# Project Airbnb Analysis v1

### 1) Business understanding


##### The main problem is helping a persona (character) choosing a home where he/she is going to pass next vacations based on his/her aspirations.


### 2) Data understanding

##### It was based on the data downloaded in http://insideairbnb.com/get-the-data.html

In [None]:
import pandas as pd
import matplotlib.pyplot as plt
import pickle
from nltk.corpus import stopwords
from nltk.tokenize import word_tokenize
from nltk.tokenize import sent_tokenize
from nltk import FreqDist
from nltk.util import ngrams
import nltk
from nltk.stem import WordNetLemmatizer 

In [None]:
# Loading all three datasets

calendar = pd.read_csv('calendar.csv', sep=',')
listings = pd.read_csv('listings.csv', sep=',')
reviews = pd.read_csv('reviews.csv', sep=',')

In [None]:
# Checking a head of each dataframe

calendar.head(2)

In [None]:
listings.head(2)

In [None]:
reviews.head(2)

##### Calendar is a dataframe with the asking prices from the houses (any places) offered in airbnb website and also other variables like minimum and maximum nights permited considering the price and adjusted_price registered.
##### Listings is a dataframe considering all houses registered in airbnb website with descriptions like a picture, reviews per month neighborhood overview, etc.
##### Reviews is a dataframe with all the reviews from people who already have been hosted in those houses.

### 3) Preparing data

##### NaN values, if found, should be treated as the average price per neighborhood. Considering the analysis is going to be done by average price.

In [None]:
# Task to put adjusted price as a workable float.

calendar['adjusted_price'] = calendar['adjusted_price'].str.replace('$', '')
calendar['adjusted_price'] = calendar['adjusted_price'].str.replace(',', '')
calendar['adjusted_price'] = calendar['adjusted_price'].astype('float')

In [None]:
# Merging a new dataframe with the prices and the neighborhood of each house listed.

calendar.columns = ['id', 'date', 'availabe', 'price', 'adjusted_price', 'min_nights', 'max_nights']

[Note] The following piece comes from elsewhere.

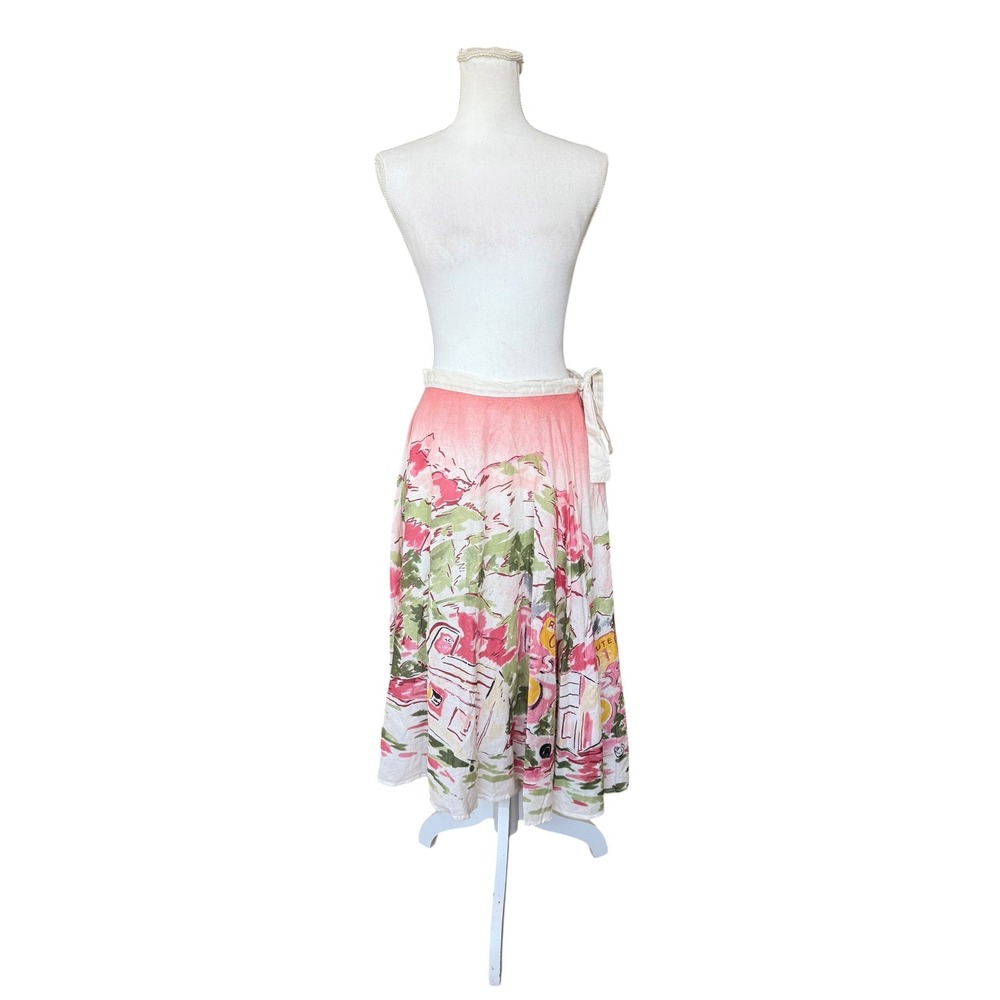 John Paul Richard Uniform Pink Route 01 Scenic Novelty Print Cotton Wrap Skirt 8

calendar = pd.merge(calendar, listings[['id', 
                                        'neighbourhood_cleansed', 
                                        'neighbourhood_group_cleansed']], on='id')
calendar.head(2)

In [None]:
# Reporting NaN values in a dataframe

na_df = pd.DataFrame(index  = ['id', 
                               'date', 
                               'available', 
                               'price', 
                               'adjusted_price', 
                               'min_nights', 
                               'max_nights', 
                               'neighbourhood_cleansed', 
                               'neighbourhood_group_cleansed'],                     
                     data = (calendar['id'].isna().sum()/calendar.shape[0], 
                            calendar['date'].isna().sum()/calendar.shape[0], 
                            calendar['availabe'].isna().sum()/calendar.shape[0], 
                            calendar['price'].isna().sum()/calendar.shape[0], 
                            calendar['adjusted_price'].isna().sum()/calendar.shape[0], 
                            calendar['min_nights'].isna().sum()/calendar.shape[0], 
                            calendar['max_nights'].isna().sum()/calendar.shape[0], 
                            calendar['neighbourhood_cleansed'].isna().sum()/calendar.shape[0], 
                            calendar['neighbourhood_group_cleansed'].isna().sum()/calendar.shape[0]), 
                     columns=['NaN values %'])


na_df

In [None]:
reviews.head(2)

In [None]:
# Merging neighborhood and reviews in a small list to check in NLTK

small_listings = pd.merge(reviews, listings[['id', 'neighbourhood_cleansed', 'description']], left_on='listing_id', right_on='id').drop(['id_x', 'id_y'], axis=1)
small_listings = small_listings[['neighbourhood_cleansed', 'comments', 'description']]
small_listings.dropna(subset=['neighbourhood_cleansed', 'comments'], axis=0)
small_listings.head()

In [None]:
# Selecting stopwords and including some stopwords in the list.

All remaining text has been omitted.